START Records shown

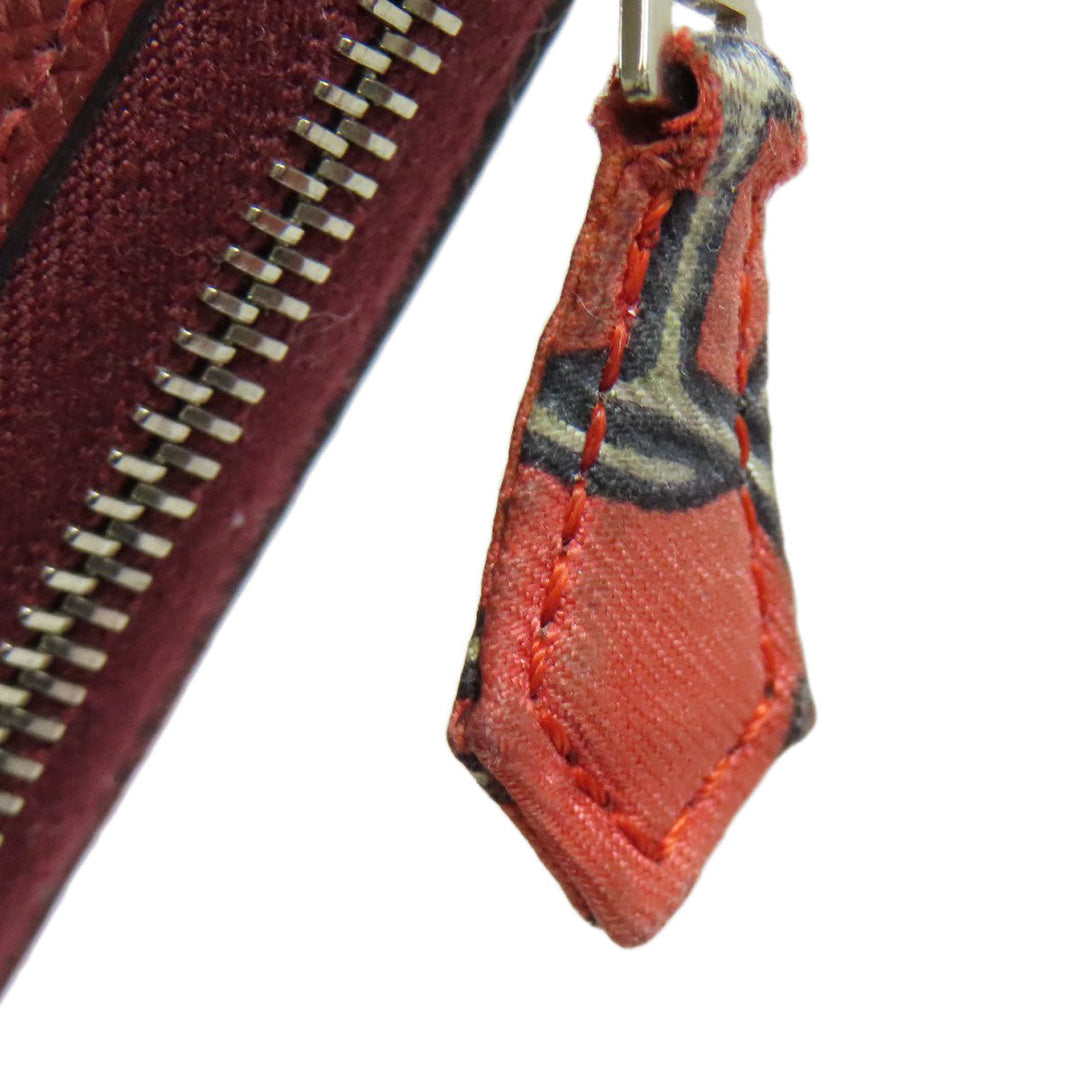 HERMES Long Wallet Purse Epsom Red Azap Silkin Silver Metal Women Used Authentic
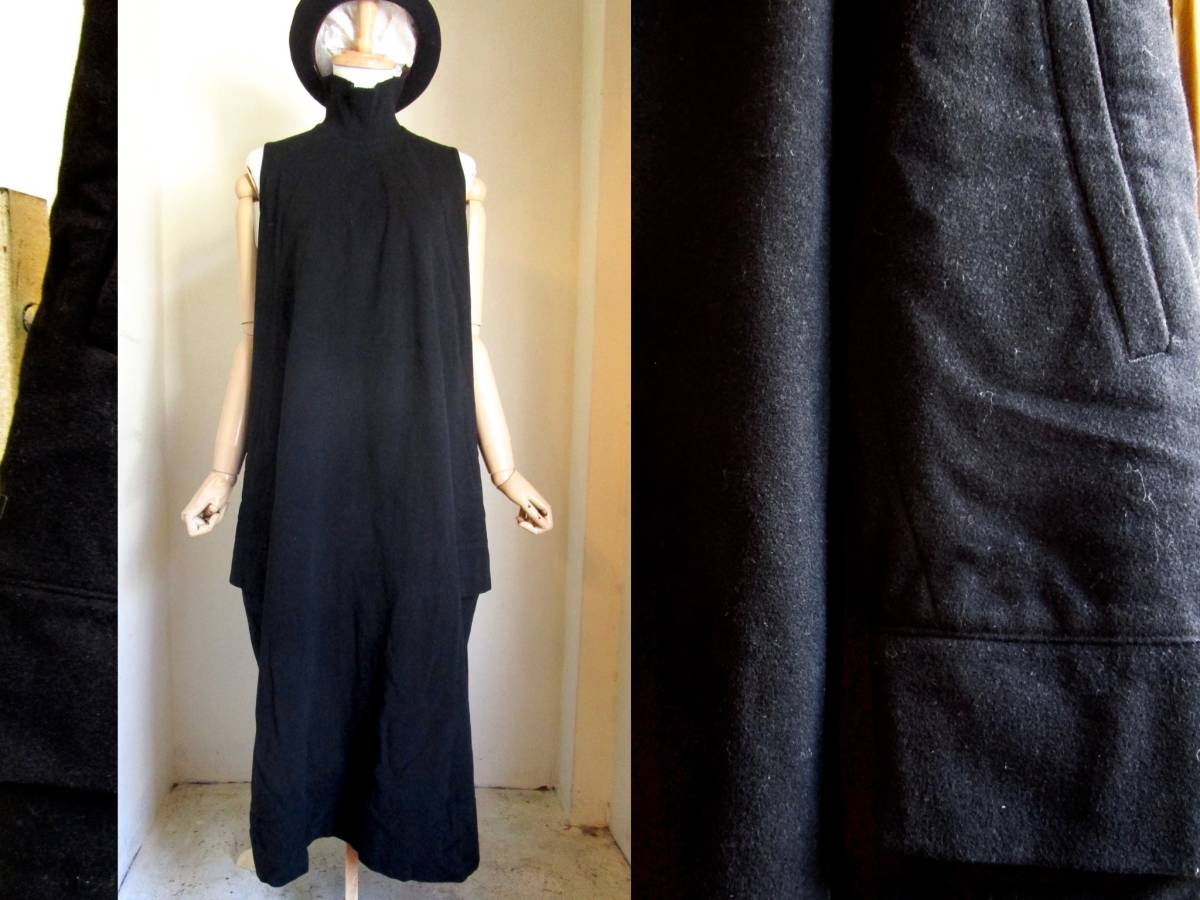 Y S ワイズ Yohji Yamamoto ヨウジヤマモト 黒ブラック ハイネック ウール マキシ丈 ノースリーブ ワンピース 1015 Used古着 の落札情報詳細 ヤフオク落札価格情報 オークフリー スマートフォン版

END Records shown
START Records shown

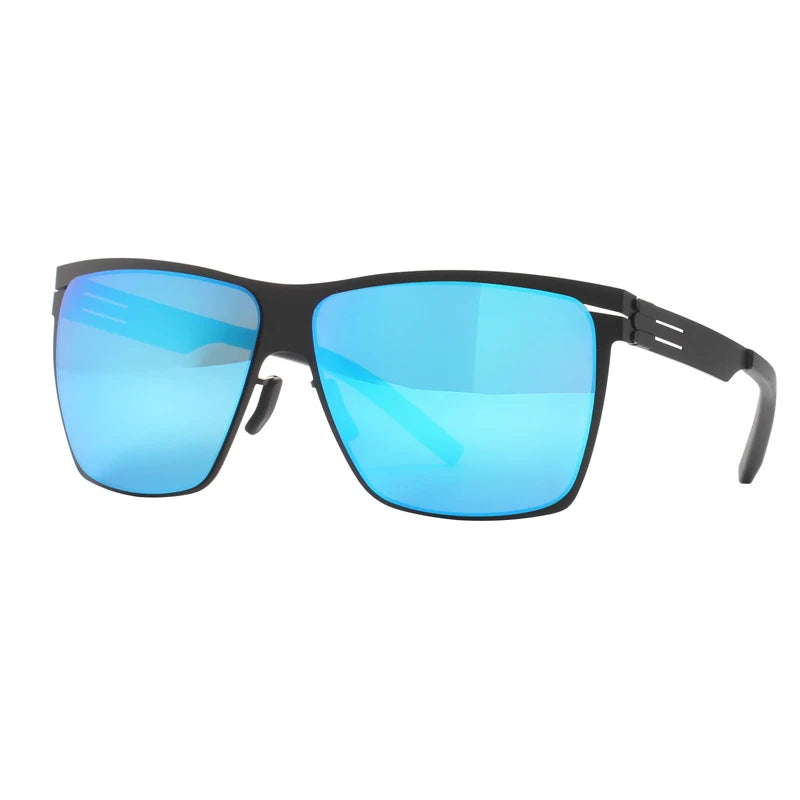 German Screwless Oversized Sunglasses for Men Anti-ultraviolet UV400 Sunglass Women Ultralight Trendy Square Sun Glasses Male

END Records shown
START Records shown

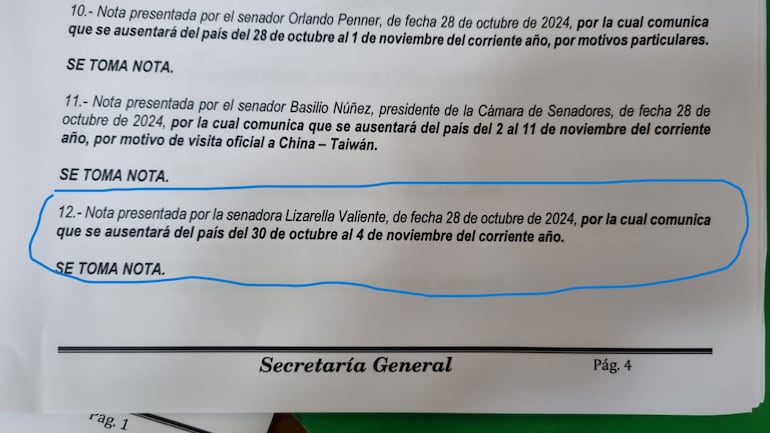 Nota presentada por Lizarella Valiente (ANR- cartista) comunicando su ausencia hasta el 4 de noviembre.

END Records shown

» Assigned task: Using the listing above, restate exactly the range between the lines holding "HERMES Long Wallet" and "Y S ワイズ Yohji", inclusive, with pictures left out.

» Solution to the problem:
 HERMES Long Wallet Purse Epsom Red Azap Silkin Silver Metal Women Used Authentic
 Y S ワイズ Yohji Yamamoto ヨウジヤマモト 黒ブラック ハイネック ウール マキシ丈 ノースリーブ ワンピース 1015 Used古着 の落札情報詳細 ヤフオク落札価格情報 オークフリー スマートフォン版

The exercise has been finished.